We have just launched our first user test of an accessible user interface prototype with blind and visually impaired testers. Despite my efforts to follow the various WCAG recommendations and specifications, there were major problems.
By far, the most important of them was the confusion that prevailed when the screen reader signaled the changes made to the aria-live regions and the contiguity of these spoken reports with the reading of the names accessible via the 39; user interface in response to key navigation.
I want to point out that our product is a simulator for first aid training. (Spoiler: Act fast or the patient dies).
It's a training product for a very large audience, but much more like a game than a web page, although we use the browser as an engine.
A live region may say "A paramedic has entered the room" or "The patient has opened his eyes". This occurs as an indirect (and delayed) response to the actions of the user.

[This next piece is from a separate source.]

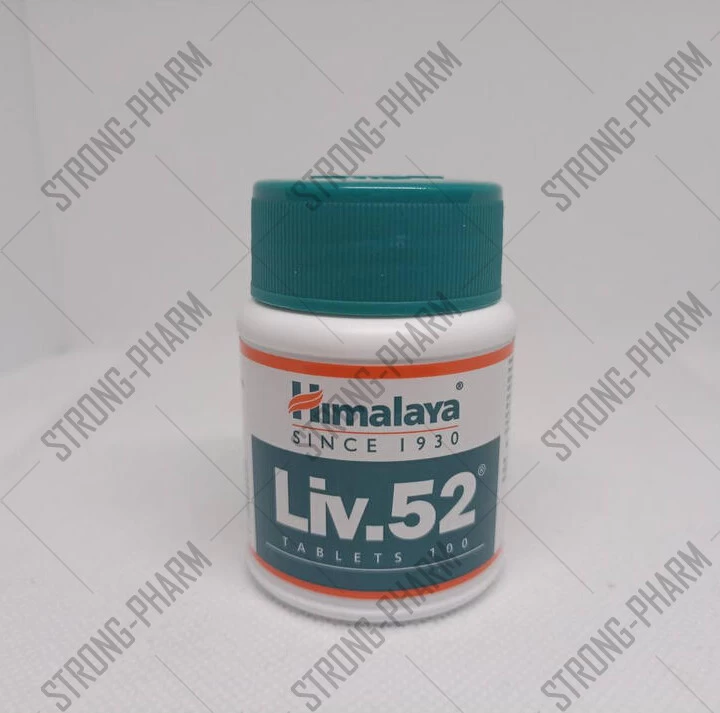 Himalaya Liv.52 100 таблеток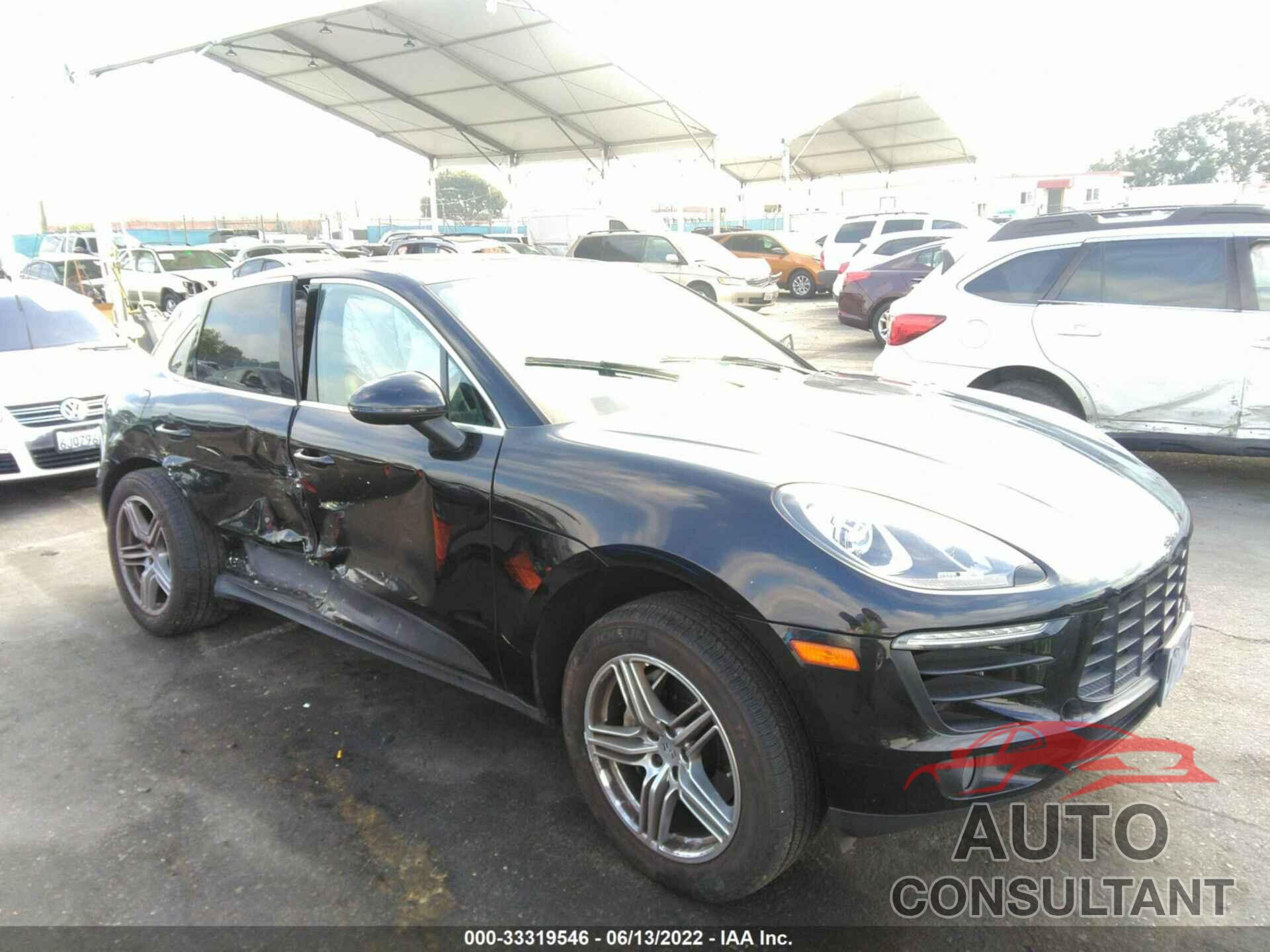 PORSCHE MACAN 2017 - WP1AB2A56HLB13318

Our testers looked for a relationship between these types of reports and their typing. I'm sure the real situation is confusing and in a hurry, but at least you can tell the difference between your hands and those of others.
The main problem (in my opinion) is that these two semantically distinct content sets have been read with exactly same voice synthesized, and with no gaps. The result was a cacophony. Button labels were read in a contiguous flow with reports of what was happening in the simulated world.
Such confusion does not occur in the sighted users of our product because the fictitious / dietary / simulated world is simply "different" from the graphical interface used to interact with it.
I am convinced that we can achieve understandable behavior of the UI, but I am quite puzzled as to how we could use the aria-live regions for updated content more than once per second without any experience falling into cacophony.
I used "polite" regions to air life, a parameter that promises (according to specifications) to allow some kind of graphical relationship between different types of content, rather than a babbling of word salads in competition .
Most of the discussions on aria-live seem to suppose a content of type "page" or "document". I followed their recommendations and the result was so disappointing that I am now looking for alternatives. There is a bit of a scene developing around "accessible games", but it seems to be mostly players, rather than developers. Discussions about techniques and implementations are almost as rare as rock dung.
I know that there is a (litigious) effort to get screen readers to support CSS3 Speech, so that different semantics can be "styled" with different voices.
This would be a very good (and standard!) Solution to our problem, but it seems that the "community" of screen readers (developers, engineers and users) considers it a low-priority feature or actively opposes it (for reasons that generally do not apply not in our case). There is certainly no implementation we can reasonably rely on.
The question I ask myself is this: how to design the UX of a relatively fast "game" type application, so that the live regions of the in-fiction world (diegetic) sound differently from the user interface?
I have some ideas.
Handle in-fiction / digetic content with our own accessible audio (eg, prerecorded MP3s) rather than relying on the pity of how the screen reader handles aria-live. (More audio is more?).
Prefix in-fiction / diegetic content with a distinct "beep" or other short sound effect.
Try to choreograph the changes made to the aria-live regions so that they interfere much less with the UI label reads. ("polite" on steroids).
Offer a special "training level" so that screen reader users can discover the user interface without the simultaneous urgency of saving the life of an imaginary patient.
Can any one tell if any of them are obvious ducks and perhaps suggest other areas of exploration?